▸ Problem requirements: Your output should be everything below from the line containing "hunting | Vintage.City 古着屋、古着コーデ情報を発信" down to the line containing "Genel Markalar Maymun", both ends included, copied exactly, with pictures left out.

▸ Data supplied:
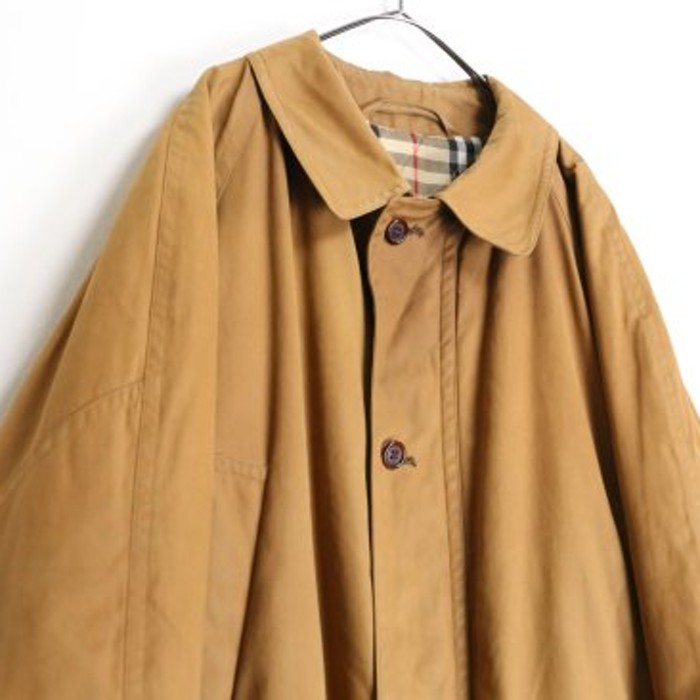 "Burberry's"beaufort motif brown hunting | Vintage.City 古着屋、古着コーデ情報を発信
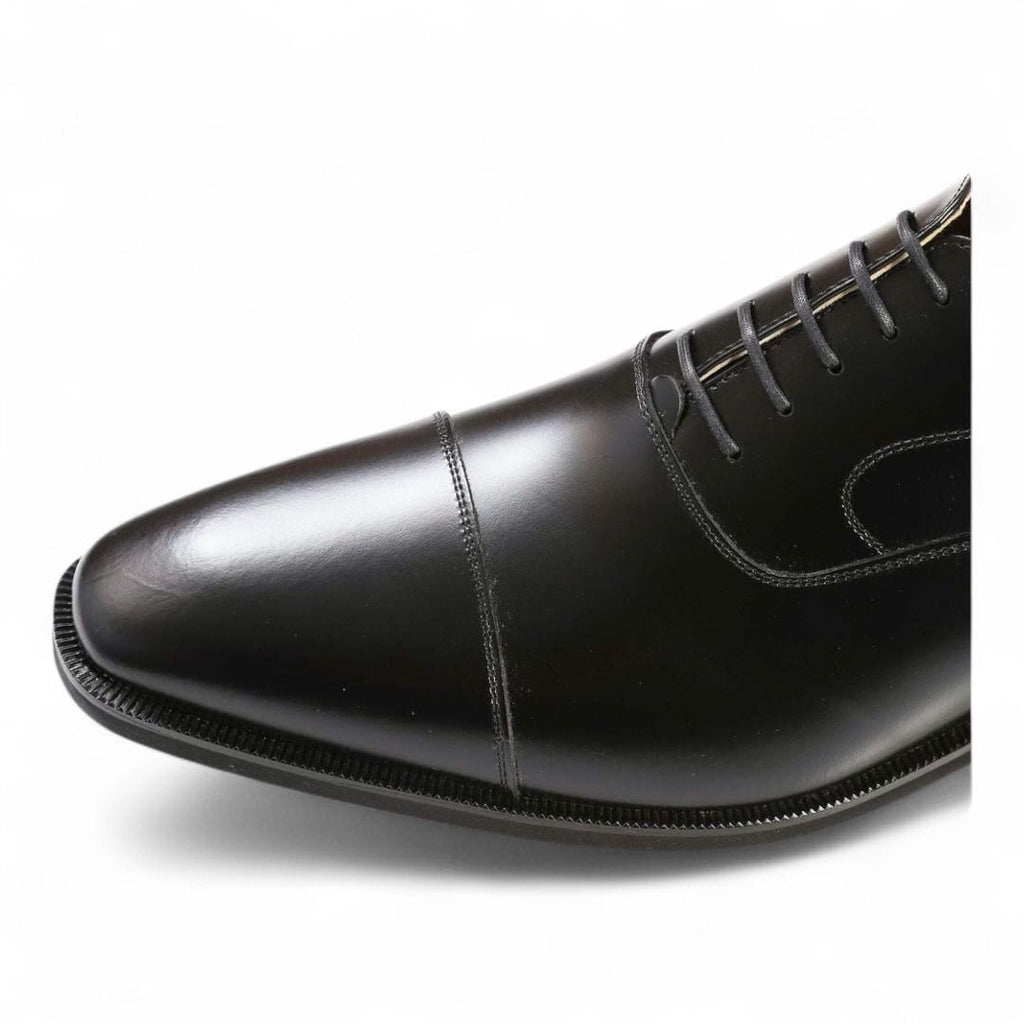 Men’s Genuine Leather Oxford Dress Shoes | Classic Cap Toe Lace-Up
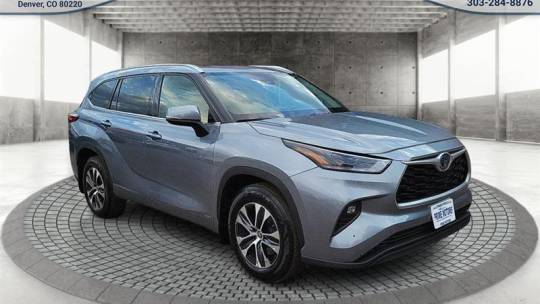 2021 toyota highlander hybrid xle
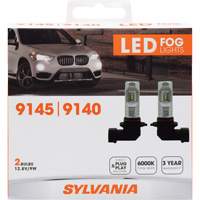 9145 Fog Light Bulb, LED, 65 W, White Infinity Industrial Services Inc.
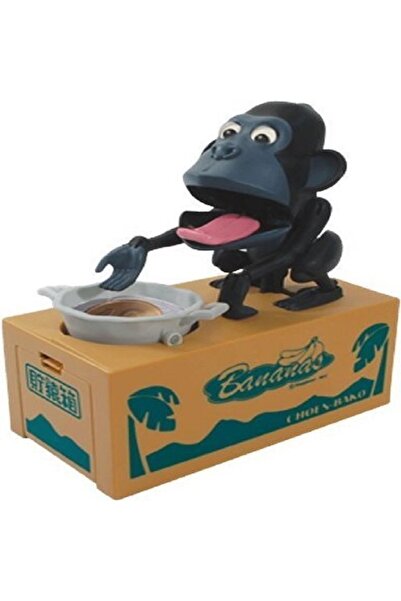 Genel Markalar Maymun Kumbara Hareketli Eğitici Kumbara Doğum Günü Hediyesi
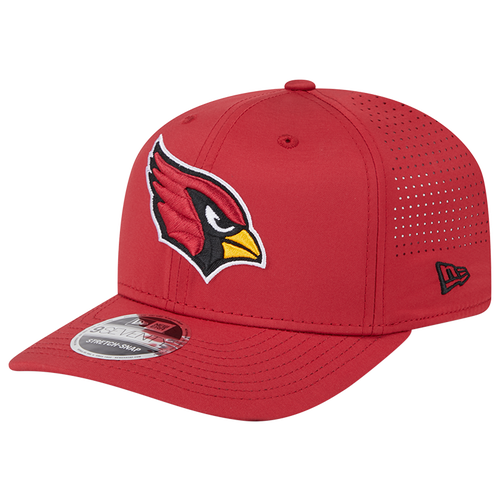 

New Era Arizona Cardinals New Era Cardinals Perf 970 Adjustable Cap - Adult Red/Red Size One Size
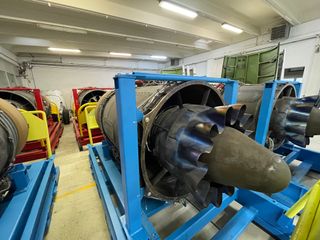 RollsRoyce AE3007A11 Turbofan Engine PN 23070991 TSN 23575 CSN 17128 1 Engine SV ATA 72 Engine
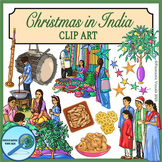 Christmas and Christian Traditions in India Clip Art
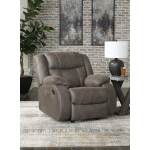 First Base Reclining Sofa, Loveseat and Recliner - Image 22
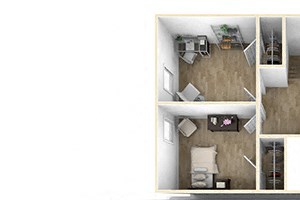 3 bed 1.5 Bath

--

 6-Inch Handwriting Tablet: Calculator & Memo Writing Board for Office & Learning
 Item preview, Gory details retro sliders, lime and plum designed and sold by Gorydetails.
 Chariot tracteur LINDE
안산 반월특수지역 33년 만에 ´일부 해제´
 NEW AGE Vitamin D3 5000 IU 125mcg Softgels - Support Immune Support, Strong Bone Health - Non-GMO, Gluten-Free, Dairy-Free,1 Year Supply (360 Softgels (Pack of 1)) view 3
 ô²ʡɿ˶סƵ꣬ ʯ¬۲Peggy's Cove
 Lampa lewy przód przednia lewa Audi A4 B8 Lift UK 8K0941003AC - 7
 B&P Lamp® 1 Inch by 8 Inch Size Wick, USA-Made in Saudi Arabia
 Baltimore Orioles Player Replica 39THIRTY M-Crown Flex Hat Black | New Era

* * *

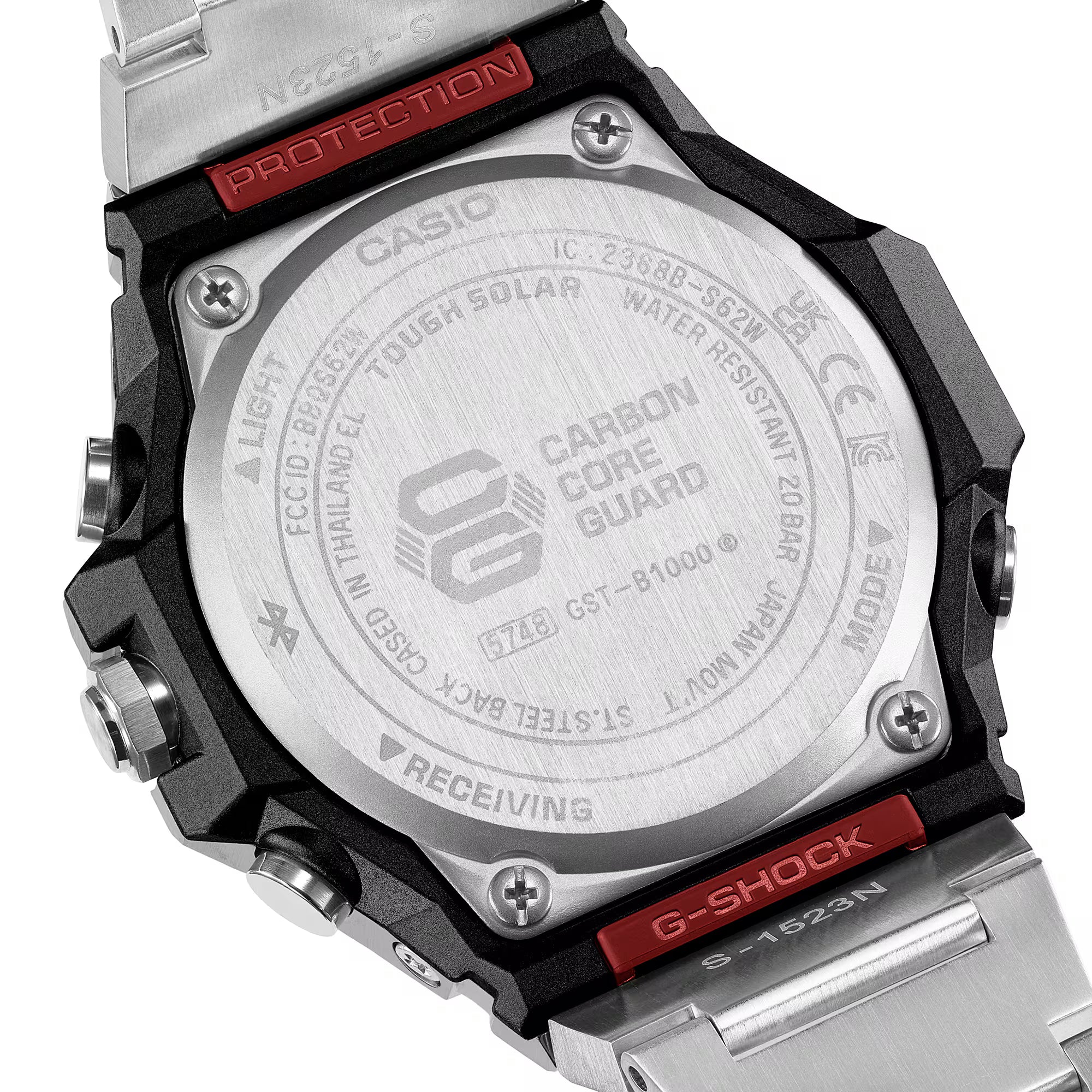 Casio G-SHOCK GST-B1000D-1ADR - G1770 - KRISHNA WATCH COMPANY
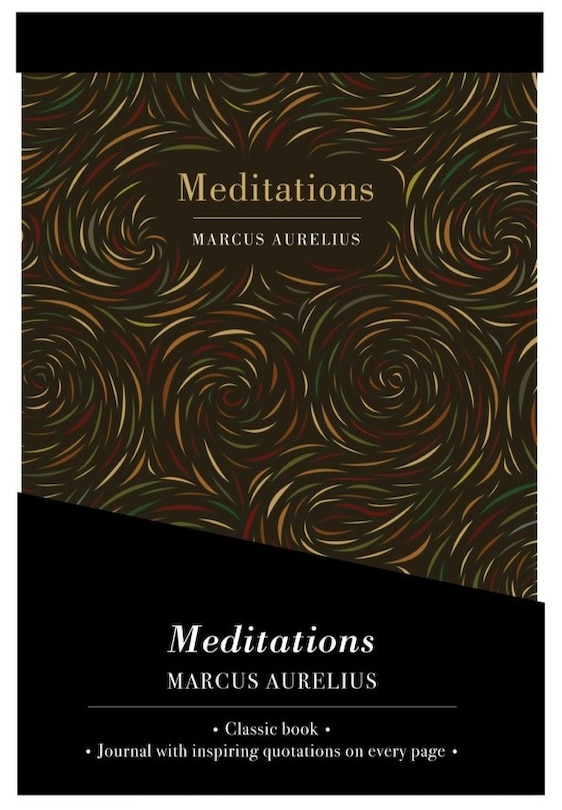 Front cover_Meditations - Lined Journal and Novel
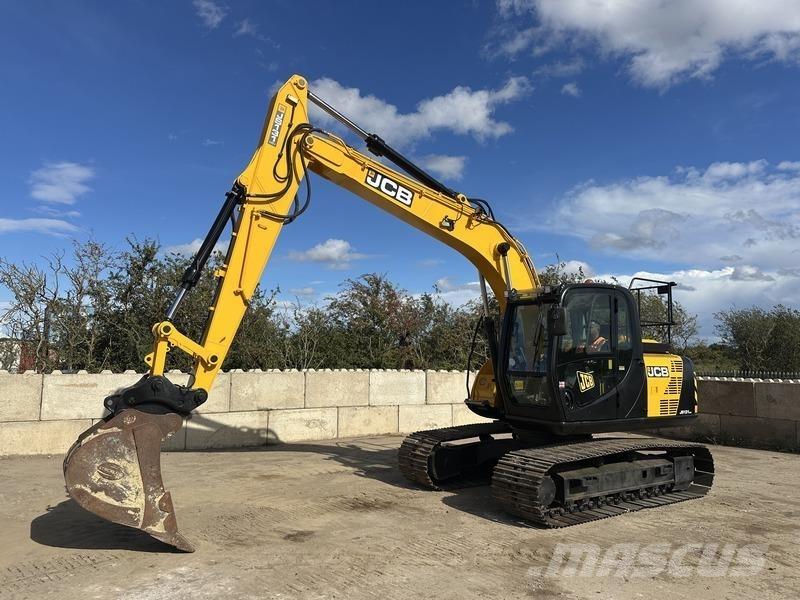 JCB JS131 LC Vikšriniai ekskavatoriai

▸ Reply:
 "Burberry's"beaufort motif brown hunting | Vintage.City 古着屋、古着コーデ情報を発信
 Men’s Genuine Leather Oxford Dress Shoes | Classic Cap Toe Lace-Up
 2021 toyota highlander hybrid xle
 9145 Fog Light Bulb, LED, 65 W, White Infinity Industrial Services Inc.
 Genel Markalar Maymun Kumbara Hareketli Eğitici Kumbara Doğum Günü Hediyesi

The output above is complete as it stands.